SUPPLIED MATERIAL:
· · ·

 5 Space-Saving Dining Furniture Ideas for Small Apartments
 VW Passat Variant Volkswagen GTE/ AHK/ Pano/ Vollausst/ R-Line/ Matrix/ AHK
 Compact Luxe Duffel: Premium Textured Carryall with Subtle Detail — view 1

· · ·

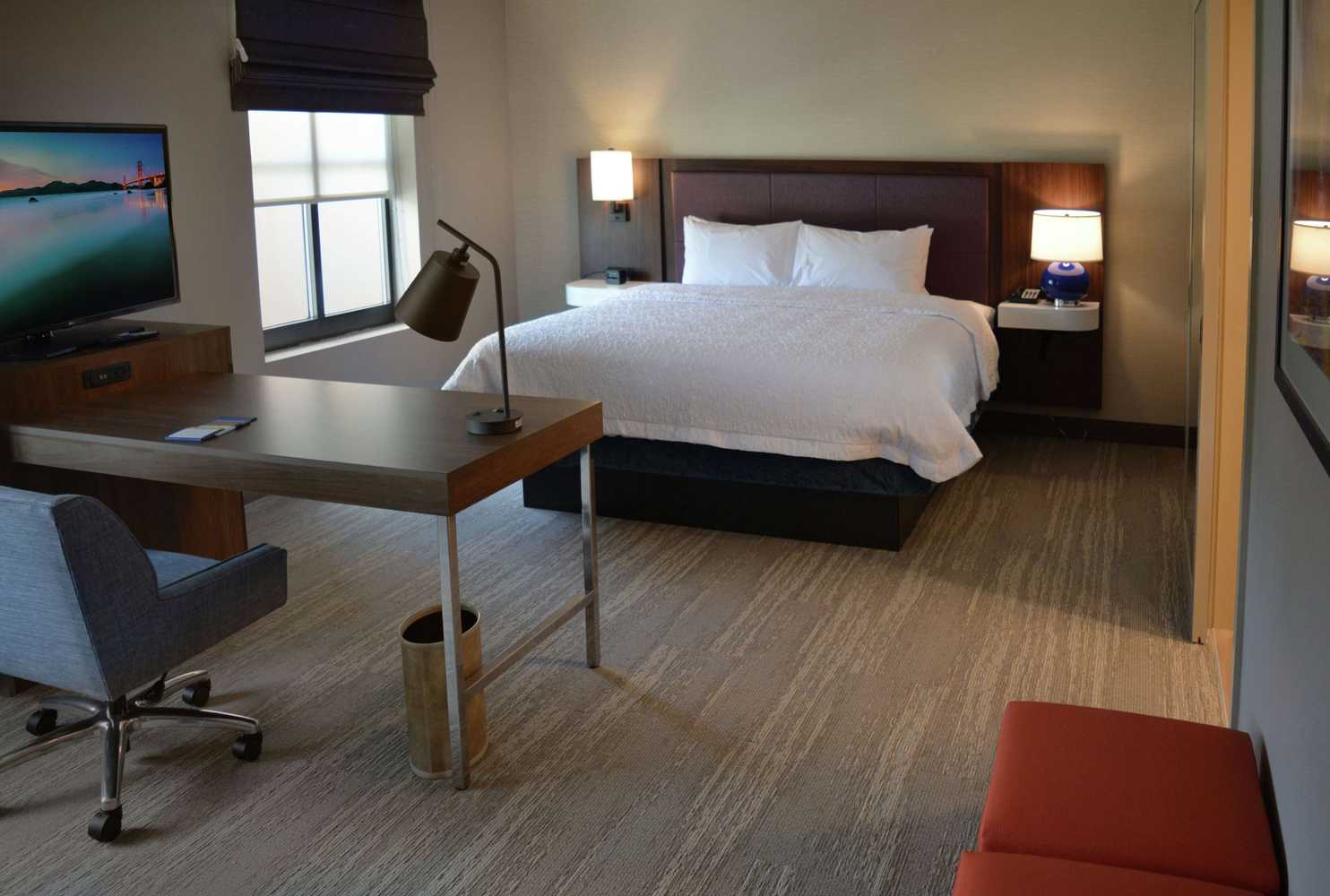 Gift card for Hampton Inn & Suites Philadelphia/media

· · ·

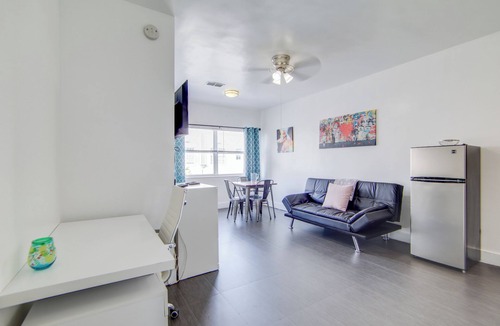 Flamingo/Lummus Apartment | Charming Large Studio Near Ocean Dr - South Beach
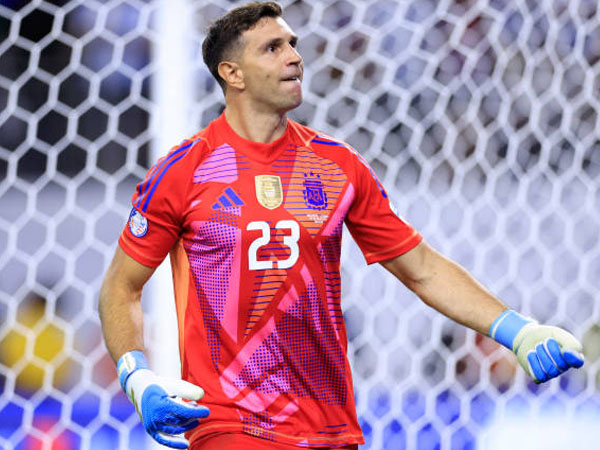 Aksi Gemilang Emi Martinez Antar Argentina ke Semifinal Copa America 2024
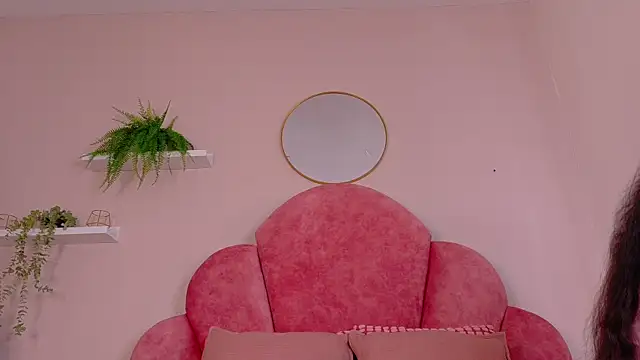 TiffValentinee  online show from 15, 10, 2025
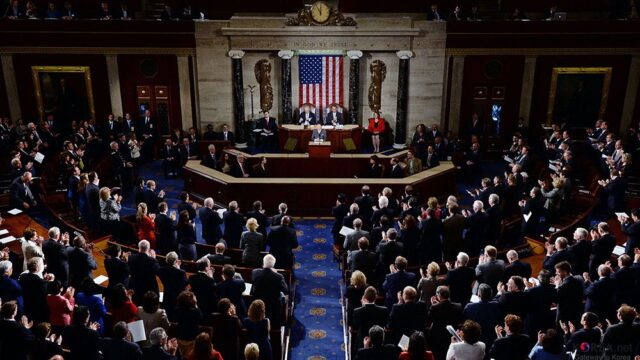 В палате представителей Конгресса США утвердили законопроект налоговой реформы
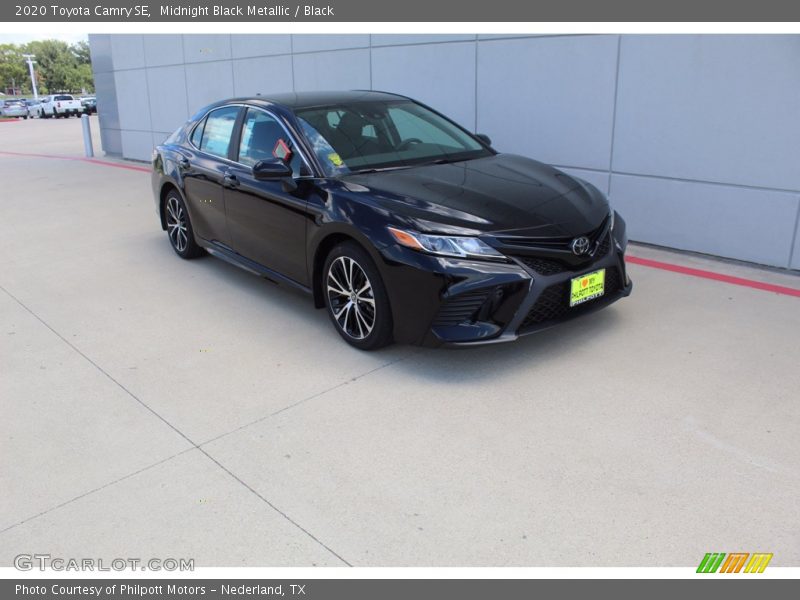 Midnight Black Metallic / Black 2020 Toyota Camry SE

· · ·

WHAT THE TASK ASKS: Pictures excluded, give again exactly and only the lines of the material above from the line with "15, 10, 2025" through the line with "Midnight Black Metallic".

ANSWER AREA:
 TiffValentinee  online show from 15, 10, 2025
 В палате представителей Конгресса США утвердили законопроект налоговой реформы
 Midnight Black Metallic / Black 2020 Toyota Camry SE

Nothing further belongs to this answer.